* [Task input]:
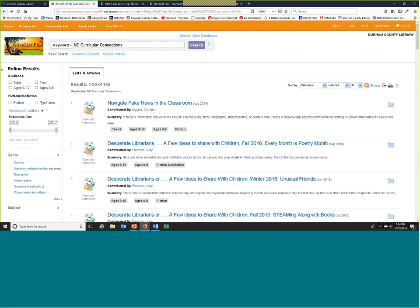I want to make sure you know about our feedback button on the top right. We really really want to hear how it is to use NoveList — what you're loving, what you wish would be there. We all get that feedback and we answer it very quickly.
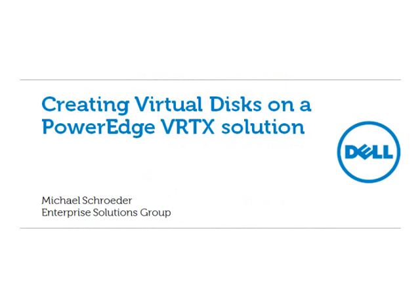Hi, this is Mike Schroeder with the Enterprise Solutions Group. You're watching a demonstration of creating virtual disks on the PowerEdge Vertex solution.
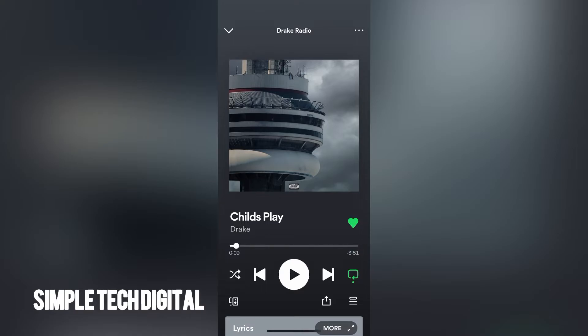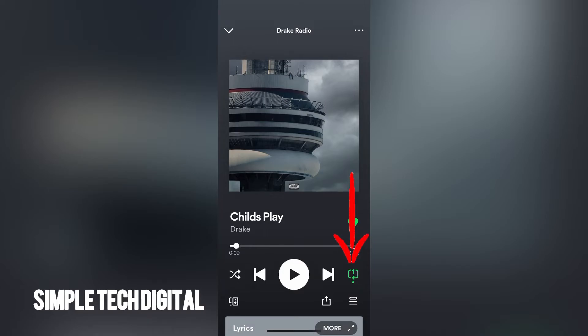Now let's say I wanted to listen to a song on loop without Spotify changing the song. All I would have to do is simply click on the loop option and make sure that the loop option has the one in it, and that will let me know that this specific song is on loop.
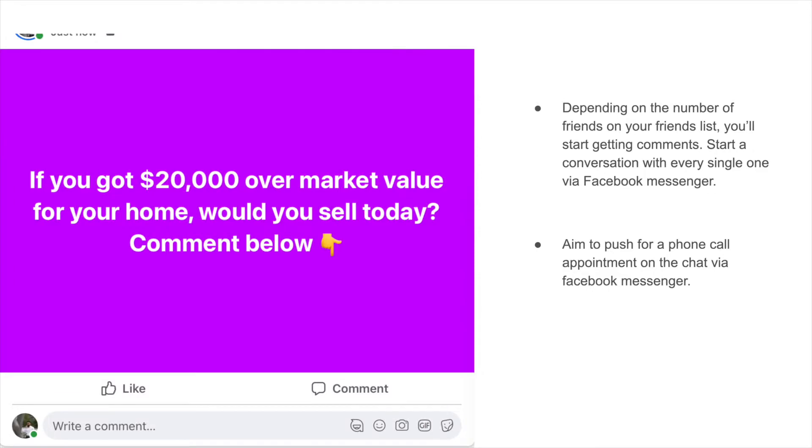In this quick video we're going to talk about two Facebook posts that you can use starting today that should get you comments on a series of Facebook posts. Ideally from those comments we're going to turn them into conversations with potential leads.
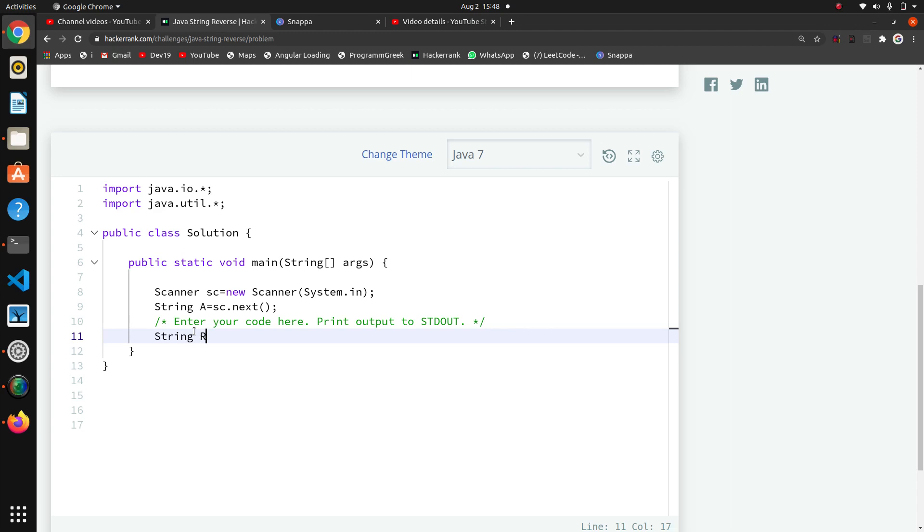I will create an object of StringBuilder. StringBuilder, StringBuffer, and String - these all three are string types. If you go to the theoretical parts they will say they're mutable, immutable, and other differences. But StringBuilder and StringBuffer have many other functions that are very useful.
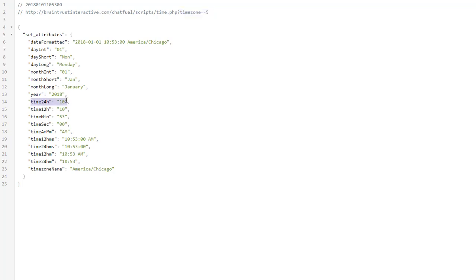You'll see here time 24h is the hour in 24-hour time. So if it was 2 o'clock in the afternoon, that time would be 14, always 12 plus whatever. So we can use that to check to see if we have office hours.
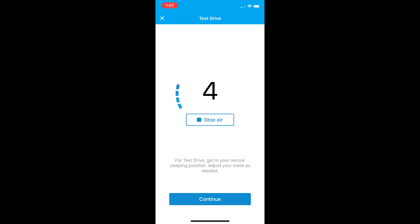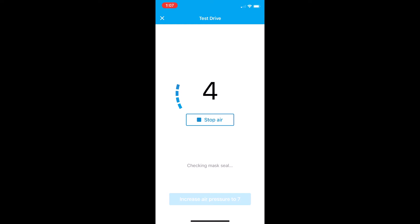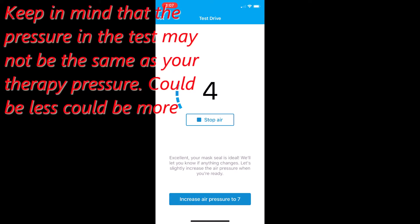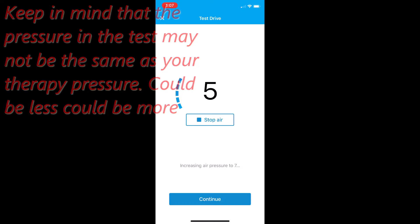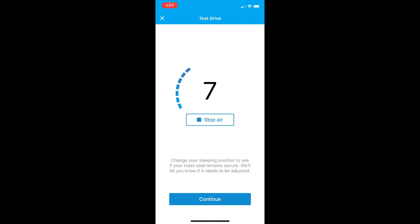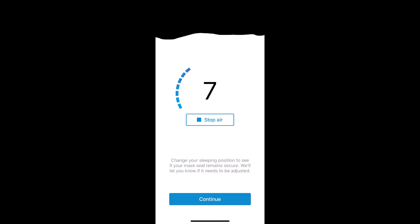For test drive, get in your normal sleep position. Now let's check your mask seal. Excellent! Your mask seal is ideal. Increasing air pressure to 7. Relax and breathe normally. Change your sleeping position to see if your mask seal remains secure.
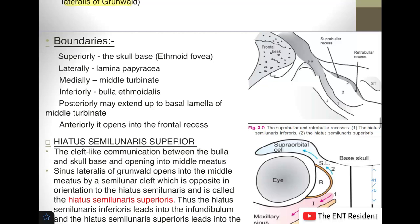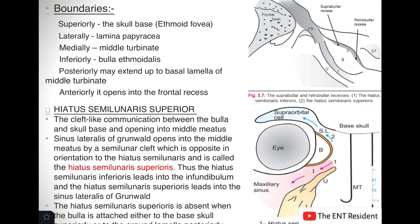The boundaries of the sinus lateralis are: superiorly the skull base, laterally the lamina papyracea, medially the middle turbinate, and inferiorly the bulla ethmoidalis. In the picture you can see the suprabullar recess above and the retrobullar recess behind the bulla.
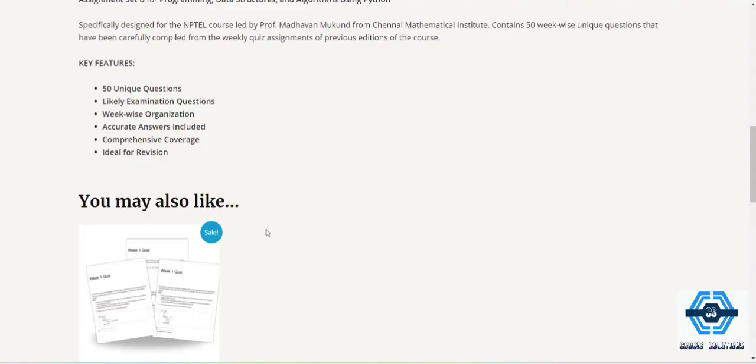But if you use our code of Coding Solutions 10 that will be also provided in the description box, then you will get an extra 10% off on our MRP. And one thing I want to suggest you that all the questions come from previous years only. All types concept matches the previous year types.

* [Exercise directions]:
Leaving out the pictures, output each line above exactly as it is.

* [Written answer]:
I want to make sure you know about our feedback button on the top right. We really really want to hear how it is to use NoveList — what you're loving, what you wish would be there. We all get that feedback and we answer it very quickly.
Hi, this is Mike Schroeder with the Enterprise Solutions Group. You're watching a demonstration of creating virtual disks on the PowerEdge Vertex solution.
Now let's say I wanted to listen to a song on loop without Spotify changing the song. All I would have to do is simply click on the loop option and make sure that the loop option has the one in it, and that will let me know that this specific song is on loop.
In this quick video we're going to talk about two Facebook posts that you can use starting today that should get you comments on a series of Facebook posts. Ideally from those comments we're going to turn them into conversations with potential leads.
I will create an object of StringBuilder. StringBuilder, StringBuffer, and String - these all three are string types. If you go to the theoretical parts they will say they're mutable, immutable, and other differences. But StringBuilder and StringBuffer have many other functions that are very useful.
You'll see here time 24h is the hour in 24-hour time. So if it was 2 o'clock in the afternoon, that time would be 14, always 12 plus whatever. So we can use that to check to see if we have office hours.
For test drive, get in your normal sleep position. Now let's check your mask seal. Excellent! Your mask seal is ideal. Increasing air pressure to 7. Relax and breathe normally. Change your sleeping position to see if your mask seal remains secure.
The boundaries of the sinus lateralis are: superiorly the skull base, laterally the lamina papyracea, medially the middle turbinate, and inferiorly the bulla ethmoidalis. In the picture you can see the suprabullar recess above and the retrobullar recess behind the bulla.
But if you use our code of Coding Solutions 10 that will be also provided in the description box, then you will get an extra 10% off on our MRP. And one thing I want to suggest you that all the questions come from previous years only. All types concept matches the previous year types.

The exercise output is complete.